Formerly known as Christine Tonkovich.

3. Mr. McCormick's motion to strike all documents filed by defendant M.J. Willoughby (doc. 101). The court also has considered the response (doc. 109) and reply (doc. 116).

4. Mr. McCormick's motion for an immediate ruling on his above-described motion to amend ( doc. 103). The court also has considered the response (doc. 112) and reply (doc. 115).

5. Motions of Merrily C. Coburn and Robert B. Coburn to join as additional plaintiffs (docs. 113 123).

The court has reviewed the above-referenced motions and all of the briefs submitted, and is now prepared to rule.

I. Motion of Kastl to Join as Additional Plaintiff.

Curtis A. Kastl, II, proceeding pro se, seeks leave to join as an additional plaintiff in this case.

The court initially finds that movant Kastl has failed to comply with D. Kan. Rule 7.1 in that the motion is not accompanied by a brief or memorandum in support. While the motion could be denied on this basis alone, the court will address the merits of the motion.

Movant Kastl seeks leave to join as a plaintiff in this case on the grounds that he was involved on the July 13, 2002-incident described in Counts XXX-XXXVI of plaintiff's proposed second amended complaint. The court construes the motion as seeking leave to intervene, which is governed by Fed.R.Civ.P. 24. Fed.R.Civ.P. 24 provides, in pertinent part:

(b) Permissive Intervention. Upon timely application anyone may be permitted to intervene in an action . . . (2) when an applicant's claim or defense and the main action have a question of law or fact in common. . . . In exercising its discretion, the court shall consider whether the intervention will unduly delay or prejudice adjudication of the rights of the original parties.
(c) Procedure. A person desiring to intervene shall serve a motion to intervene upon the parties as provided in Rule 5. The motion shall state the grounds therefor and shall be accompanied by a pleading setting forth the claim or defense for which intervention is sought.

The court initially notes that plaintiff's motion does not comply with Rule 24 in that the motion is not accompanied by a pleading which sets for the claim for which intervention is sought. In his reply, movant Kastl has requested that the court give him an opportunity to comply with the above-mentioned rule. The court grants movant Kastl's request.

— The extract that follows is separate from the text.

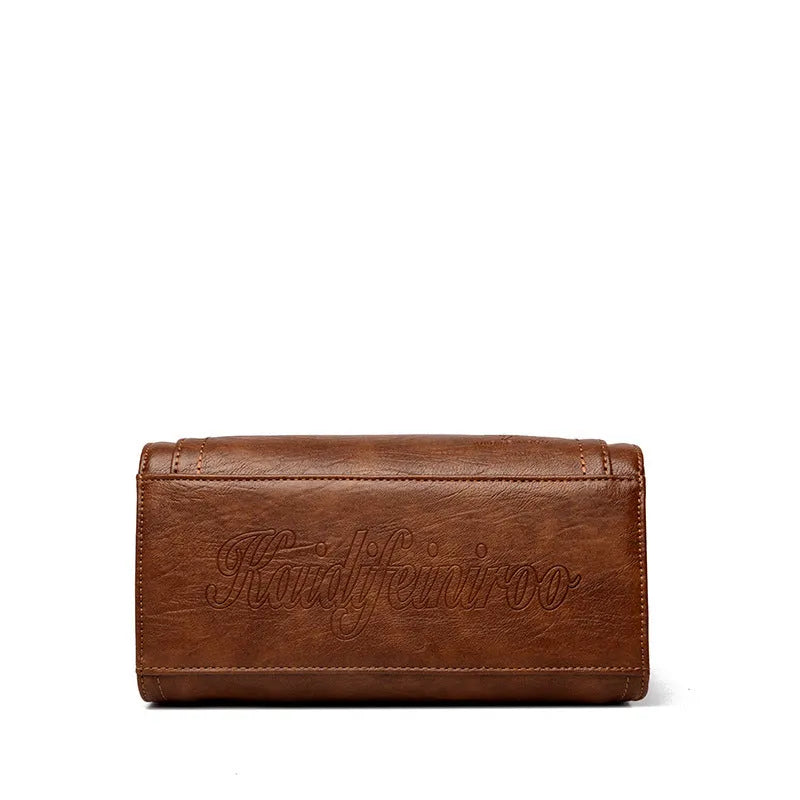 Women's retro style crossbody bag in six colour options with sandwich pocket design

Defendants object to the intervention of movant Kastl, arguing that if he is allowed to join in the case, it will be "cluttered" and "will add substantial amount of discovery." The court, however, does not find that said defendants have supported such objections and, from a review of claims to which movant Kastl would join, the court is unable to conclude that the additional discovery would be substantial.

Defendants also argue that movant Kastl's motion should be denied until he obtains counsel to represent him. Defendants argue that it is obvious that pro se plaintiff McCormick is preparing the pleadings for movant Kastl, which is tantamount to allowing the unauthorized practice of law by plaintiff McCormick. Given the present state of the record, however, the court is unwilling to deny movant Kastl's motion on this basis.

Candidly, although not qualified as a handwriting expert, the undersigned magistrate judge shares defendants' expressed concerns.

The court finds that the proposed claims of movant Kastl have questions of law and fact in common with plaintiff McCormick's claims. The intervention of movant Kastl will not unduly delay or prejudice adjudication of the rights of the original parties in this action. Therefore, the court grants movant Kastl leave to intervene. Movant Kastl shall serve the required pleading setting forth the claims for which his intervention is sought by September 16, 2002.

II. Plaintiff's Motion to Amend His First Amended Complaint.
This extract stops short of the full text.